Source data:
============================================================

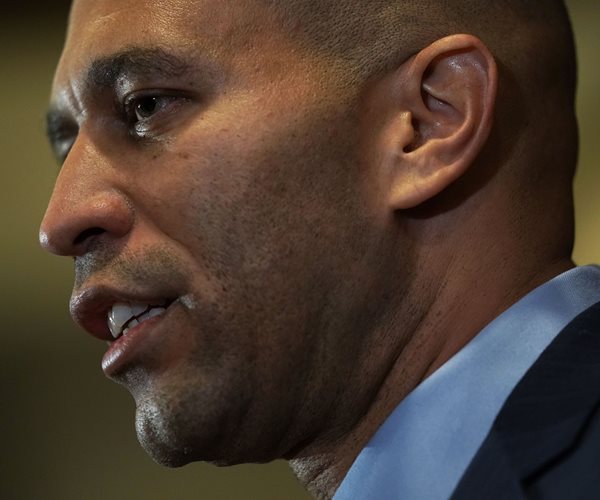 close-up headshot of rep. hakeem jeffries looking to his right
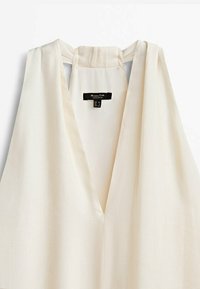 Blouse sans manches couleur crème avec un profond décolleté en V et un tissu doux et léger ; comprend une étiquette avec les informations de taille à l'arrière.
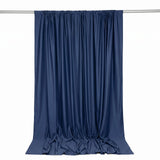Navy blue curtain draped on rod, elegant fabric backdrop with flowing folds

============================================================

Work instruction:
With the pictures omitted, write out exactly the lines from the one that contains "Blouse sans manches" through the final line of the material above, both ends included.

Task output:
 Blouse sans manches couleur crème avec un profond décolleté en V et un tissu doux et léger ; comprend une étiquette avec les informations de taille à l'arrière.
Navy blue curtain draped on rod, elegant fabric backdrop with flowing folds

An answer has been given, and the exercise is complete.